Vietnam has just entered 2017, but already market analysts are trying to predict the trends of the next 12 months. Senior economist Le Xuan Nghia, director of the Business Development Institute, provides an insight about monetary and financial market movements in the new-year.

The economy starts on upswing

A worrisome trend has persisted in the past three years, with global GDP growth often outpacing trade growth. This signifies the trade sector’s diminished contributions to national economies.

Also, this has brought forth concerns over global trade instability. Most forecasts, however, suggested a complete change in the overall situation this year.

Accordingly, statistics showed that global trade inched up 3.9 percent in 2014. The rate softened to just 2.6 and 2.3 percent, respectively, in 2015 and 2016. This year the growth figure has been projected at 3.8 percent, based on the International Monetary Fund’s latest forecast.

Global GDP growth stood at 3.5 percent in 2014, slightly falling to 3.2 percent in 2015, and 3.1 percent in 2016. It is forecast to rise this year, up to 3.4 percent.
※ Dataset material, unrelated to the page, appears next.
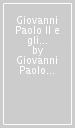 Giovanni Paolo II e gli atenei pontifici romani. Discorsi e omelie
These figures indicate that the growth of both the global economy and trade have bottomed out and started to resume their upward trends. Without unexpected occurrences, we have reasons for more upbeat appraisals of the world economy resuming its pace this year, which would have a strong impact on Vietnam’s economy.

This forecast will remain unchanged even when real estate tycoon Donald Trump officially becomes the new US president, adding to the uncertainty surrounding the Trans-Pacific Partnership.

For Vietnam, we have a raft of other important trade agreements to avail of their potential, such as the Republic of Korea-Vietnam Free Trade Agreement (KVFTA), which allows 96 percent of Vietnamese goods to enter Korean markets tax-free or with lower import tax rates. Korean goods will follow a similar tax-cut roadmap when entering Vietnam.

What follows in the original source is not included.